The next day a tug arrived from Alexandria with three dumb barges in tow (Dumb meaning no motors or sails and had to be towed). These barges were towed just clear of the jetty which was crowded with Italian POW's . The POW's were taken out to the barges by small boats and finally when the three barges were full of pow's accompanied by some of our blokes acting as guards the whole lot started to move away into deeper water. The tug towing three barges containing about three hundred and fifty unlucky people missed the mine in the water but the first barge struck the mine and it detonated and as the now holed barge sank it dragged down the barge behind it and it in turn dragged down the remaining barge the blokes on the tug were also too late cutting the rope and the tug joined the rest on the bottom of the sea. As I remember it no one came out of what should never had happened. We had reported the mines were sown in the sea, what was the point in us standing on watch if what we reported was being ignored. We spent the next few weeks dragging bodies from the sea and it was not a pleasant job because sea creatures had been feasting on them.

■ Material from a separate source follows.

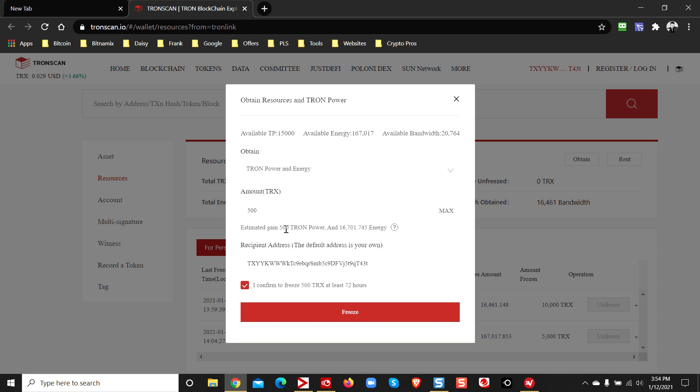It says right here, estimated gain in power is going to give you about 16,701 energy. You guys see that? So you probably don't need to stake that much, but I'm just doing this for training purposes only.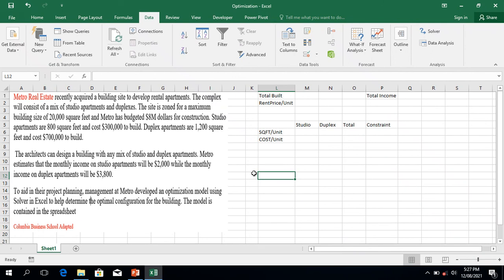Hi guys, today in this video we are going to do something strategic and unique — it will be different from what we have been doing in past videos. This question has to do with optimization: how to maximize our profit or revenue from a given activity or investment. This question is adapted from Columbia Business School.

None the less we had to collect identity tags where possible and hand them in to the bloke who was sorting out the mess. It was a good job when we moved and let some one else have a bash at a very messy job. Having taken Siddi Barrani from the Italians, the powers that be decided we could have a rest at Sollum while the Australians took over from us and continued on to Bardia which in due course they took from the Italians.

The Italians were having a bad time of it but they had more to come. And they got it. A lot made the desert their permanent home. The cave by the way turned out to be a burial cave which we found out as soon as it was day light. One wall had squares on it indicating the body was pushed in and the hole plastered over. So we only went in there when there was an air raid. We would spread a blanket on the floor and play cards while listening to the bombs going off on top of the cliff and around the jetty. But the jetty never got hit. Maybe they thought they could use it if they got Solum back, so they concentrated on the few buildings that were here. About three in all.

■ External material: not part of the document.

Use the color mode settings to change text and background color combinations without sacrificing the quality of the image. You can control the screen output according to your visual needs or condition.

One day we were down the cliff to the sea and were having a swim when we noticed an all white ship with a big red cross on the side, "Bet that's a hospital ship, Fred" said one bloke. "Shouldn't wonder" replied Fred. Then God turned the ignition key in his brain because suddenly his face lit up and he blurted out "I bet they got fags on there" and he pointed to the ship. "Yea, well they alwus do carry every fing on a boat like that" added the bloke. They got to go a long way some times, an it wouldn't do to run out of supplies in the middle of the sea, naw wat ah mean." "yea, ah suppose" agreed Fred. Then he followed up with his thinking "How about if we get our raft and paddle out to the boat and tell em we aint got no fags?". I recon they would throw us a box of fags if we tell em we is desperate for a smoke." "Hey, that's not a bad idea Fred". Fred beamed and untied the raft which was a triangle of planks with an oil drum at the three points and two planks through the middle. Because there were no civilians at Solum and because of interruptions by bombing things were a bit slack, maybe relaxed would be a better word. So when we went for a dip in the sea we wore nothing at all and soldiers all have the same equipment so down by the sea we enjoyed the complete freedom of nature. But the two lads paddling like Hiawather and his mate did not realise until they were close to the ship that they were in the nutty and there were about twenty giggling young nurses lining the rail. They were pointing and laughing and some had binoculars and were almost hysterical. We saw the humour of the siuation and had a laugh as they suddenly jumped into the water and franticly pushed the raft back the way they had come toward us and as they clambered up on to the warm rocks. Fred muttered "They can stuff their bloody fags."

Then we were sent to Alexandria docks to board HMS Glenroy a destroyer bound for Crete.

2982252 Pte Barker T.O. 1st Bn Argyll & Sutherland Highlanders, Born 23 May 1921.